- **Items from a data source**
┌──

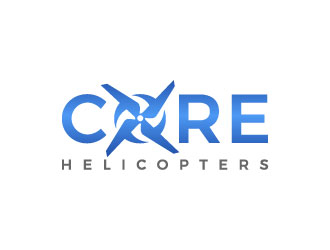 Core Helicopters logo design by CreativeKiller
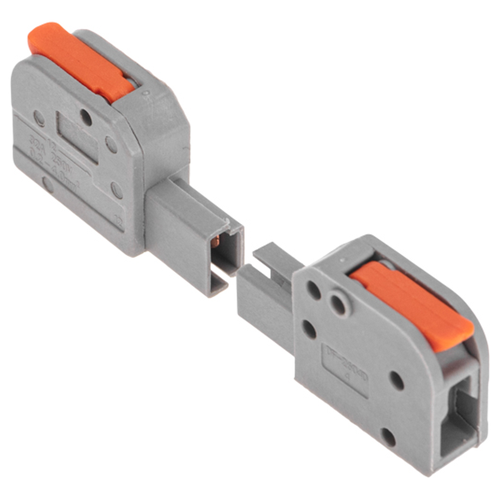 Клемма REXANT смк 222-421r проходн разъемная 1 полюс серая 0,2-2,5/4мм² (б, детальное фото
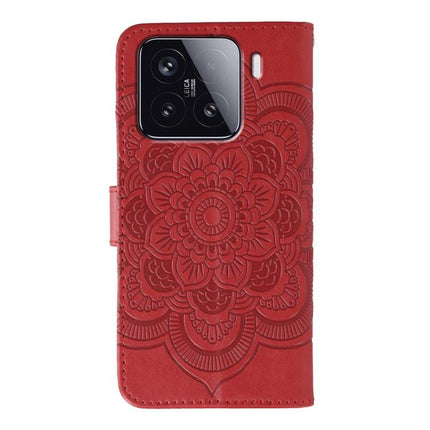 Sun Mandala Embossing Pattern Phone Leather Case, For Xiaomi 15, For Xiaomi 14T Pro, For Xiaomi 14T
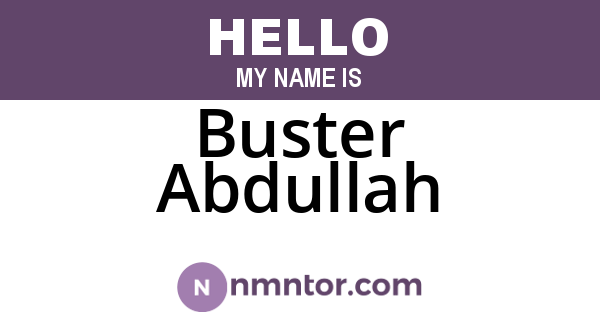Buster Abdullah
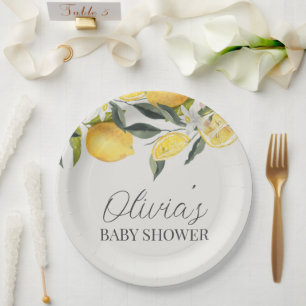 Zitrus-Thema-Baby-Party Pappteller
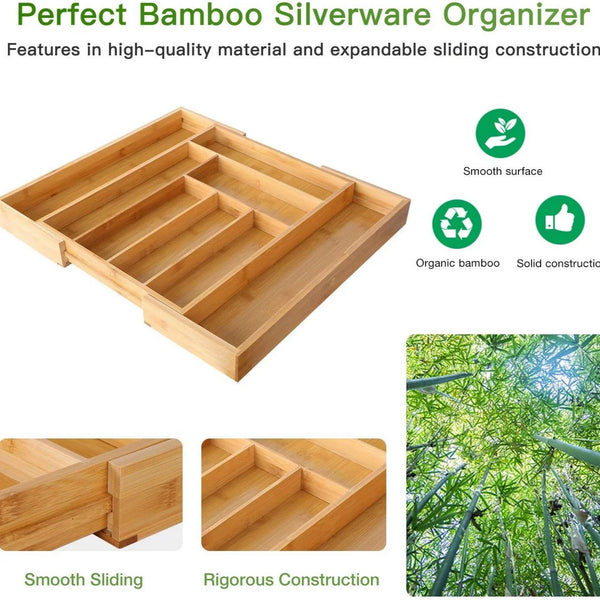 Bamboo Drawer Organizer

└──

- **ACTIVITY**
Apart from the pictures, all of the data should be repeated exactly.

- **SOLUTION FOR THIS TASK**
 Core Helicopters logo design by CreativeKiller
 Клемма REXANT смк 222-421r проходн разъемная 1 полюс серая 0,2-2,5/4мм² (б, детальное фото
 Sun Mandala Embossing Pattern Phone Leather Case, For Xiaomi 15, For Xiaomi 14T Pro, For Xiaomi 14T
Buster Abdullah
 Zitrus-Thema-Baby-Party Pappteller
 Bamboo Drawer Organizer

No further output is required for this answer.